## Exercise objective
What is needed here is an exact repetition of the records below, beginning at the line that has "2017 KIA FORTE LX photo 4" and stopping after the line that has "2236 Pemberton Way, Innisfil, ON - Indoor".

## Data to use

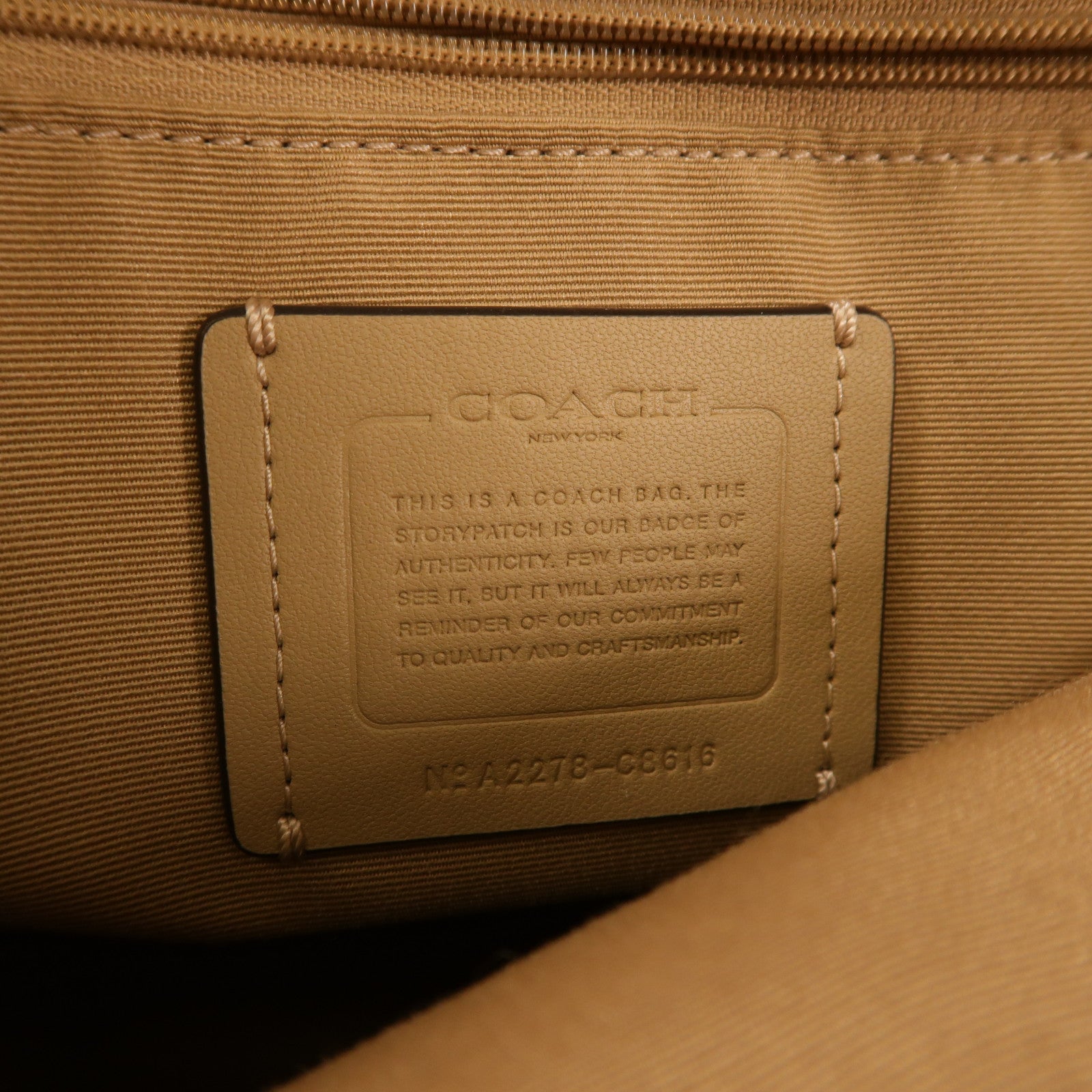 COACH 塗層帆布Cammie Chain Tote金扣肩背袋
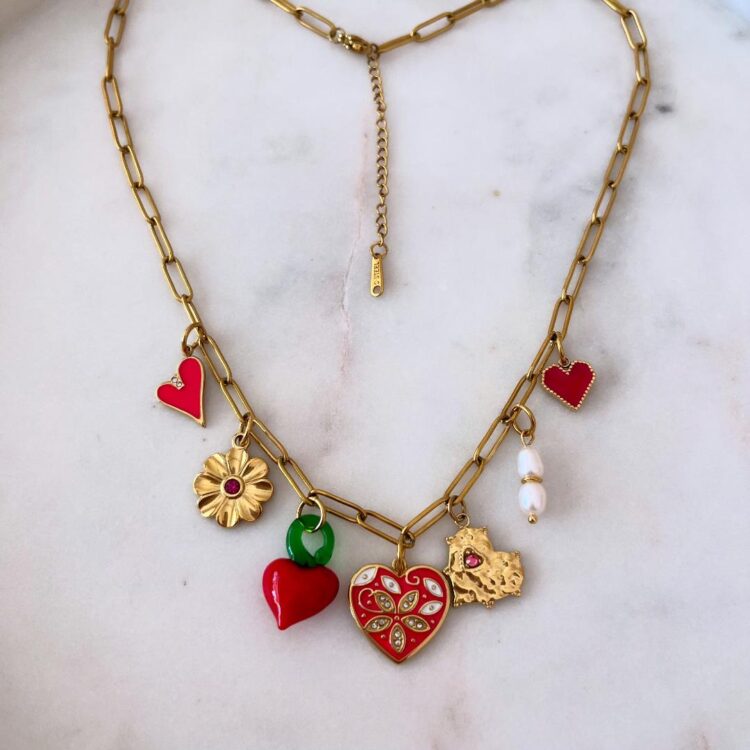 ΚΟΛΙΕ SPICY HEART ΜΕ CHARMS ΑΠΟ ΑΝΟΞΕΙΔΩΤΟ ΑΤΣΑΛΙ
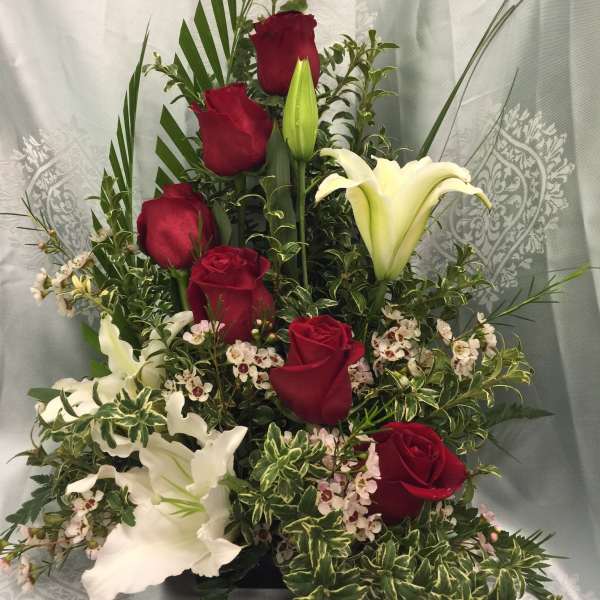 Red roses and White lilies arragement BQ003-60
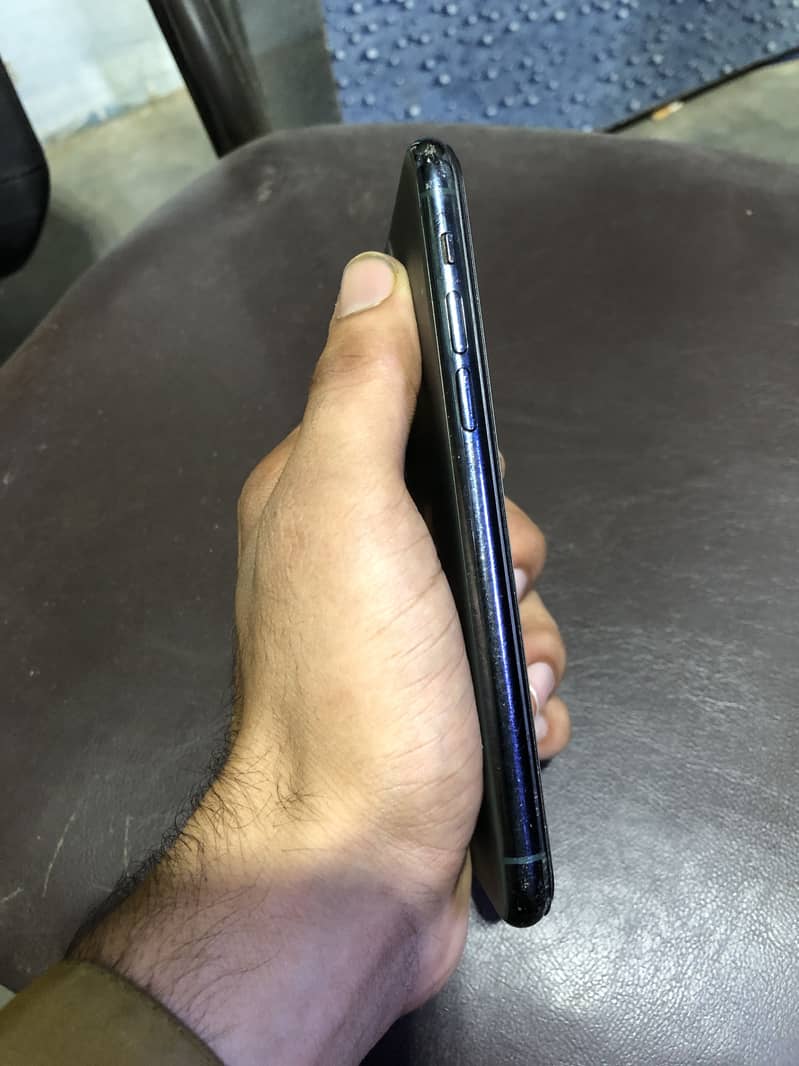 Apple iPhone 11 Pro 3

---

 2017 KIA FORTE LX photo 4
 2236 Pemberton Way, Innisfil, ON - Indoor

==

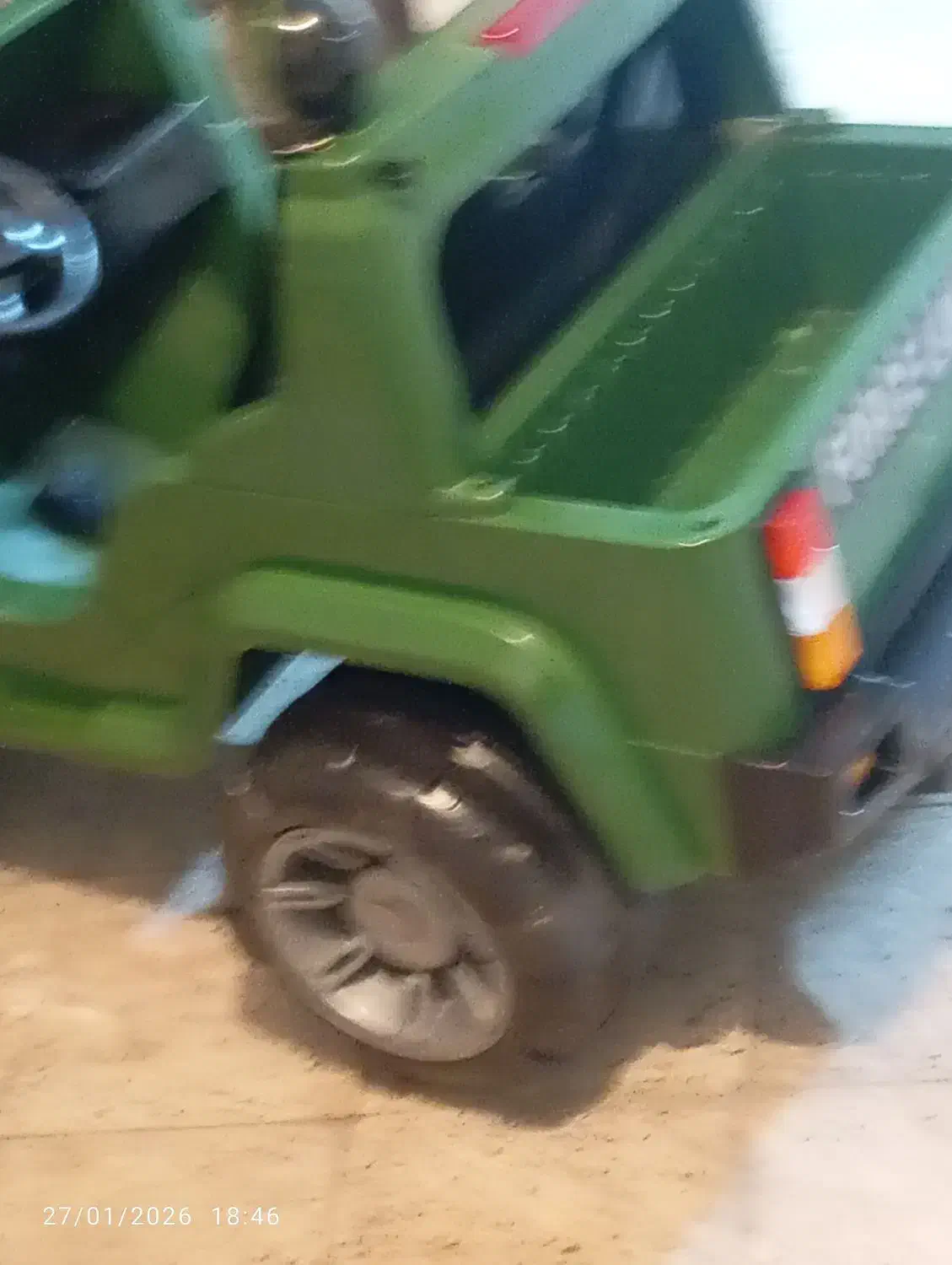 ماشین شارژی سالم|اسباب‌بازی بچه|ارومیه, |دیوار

## Output of the exercise
 2017 KIA FORTE LX photo 4
 2236 Pemberton Way, Innisfil, ON - Indoor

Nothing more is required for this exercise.